DATASET EXCERPTS>
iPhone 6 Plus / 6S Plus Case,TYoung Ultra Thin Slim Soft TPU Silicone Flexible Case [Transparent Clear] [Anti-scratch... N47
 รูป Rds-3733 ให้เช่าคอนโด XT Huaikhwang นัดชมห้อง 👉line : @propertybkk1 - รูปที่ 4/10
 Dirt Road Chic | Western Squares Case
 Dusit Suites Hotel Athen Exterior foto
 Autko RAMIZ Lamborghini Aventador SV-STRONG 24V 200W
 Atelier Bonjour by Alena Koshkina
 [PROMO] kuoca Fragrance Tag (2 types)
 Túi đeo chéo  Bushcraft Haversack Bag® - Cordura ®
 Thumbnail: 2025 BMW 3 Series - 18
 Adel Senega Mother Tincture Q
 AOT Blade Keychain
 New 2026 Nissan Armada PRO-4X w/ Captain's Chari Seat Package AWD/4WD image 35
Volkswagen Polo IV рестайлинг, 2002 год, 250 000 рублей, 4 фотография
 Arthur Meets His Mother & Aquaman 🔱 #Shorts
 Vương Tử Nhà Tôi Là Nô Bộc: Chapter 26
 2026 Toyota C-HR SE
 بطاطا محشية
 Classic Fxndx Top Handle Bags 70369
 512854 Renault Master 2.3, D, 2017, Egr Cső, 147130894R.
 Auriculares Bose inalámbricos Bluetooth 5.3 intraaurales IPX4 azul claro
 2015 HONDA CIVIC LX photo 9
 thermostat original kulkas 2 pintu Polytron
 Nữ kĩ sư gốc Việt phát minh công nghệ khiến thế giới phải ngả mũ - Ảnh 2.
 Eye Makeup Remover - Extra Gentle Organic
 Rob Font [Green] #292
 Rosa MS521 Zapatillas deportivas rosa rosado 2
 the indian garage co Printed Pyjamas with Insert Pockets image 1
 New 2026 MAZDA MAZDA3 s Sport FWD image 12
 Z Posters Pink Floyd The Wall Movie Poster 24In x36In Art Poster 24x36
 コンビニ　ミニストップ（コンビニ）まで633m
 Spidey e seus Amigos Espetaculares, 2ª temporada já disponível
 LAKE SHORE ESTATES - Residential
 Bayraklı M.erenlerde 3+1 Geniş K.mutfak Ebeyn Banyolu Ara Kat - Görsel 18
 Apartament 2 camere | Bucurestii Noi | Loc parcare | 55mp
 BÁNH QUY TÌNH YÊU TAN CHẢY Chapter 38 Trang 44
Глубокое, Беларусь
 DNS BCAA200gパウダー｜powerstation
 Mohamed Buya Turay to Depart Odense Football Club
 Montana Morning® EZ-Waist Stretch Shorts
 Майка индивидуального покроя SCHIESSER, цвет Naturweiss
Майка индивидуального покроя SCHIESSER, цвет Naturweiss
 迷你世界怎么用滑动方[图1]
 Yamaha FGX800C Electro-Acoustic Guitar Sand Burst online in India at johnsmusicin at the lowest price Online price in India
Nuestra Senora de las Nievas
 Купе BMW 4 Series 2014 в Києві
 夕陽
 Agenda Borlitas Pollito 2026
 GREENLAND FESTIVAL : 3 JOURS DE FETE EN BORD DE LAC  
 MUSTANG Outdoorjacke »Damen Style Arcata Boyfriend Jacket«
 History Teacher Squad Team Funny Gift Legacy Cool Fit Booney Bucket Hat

TASK REQUIREMENTS> Considering the entries above, how many lines contain "Майка"? Give that number with nothing else.

RESPONSE TO THIS TASK> 2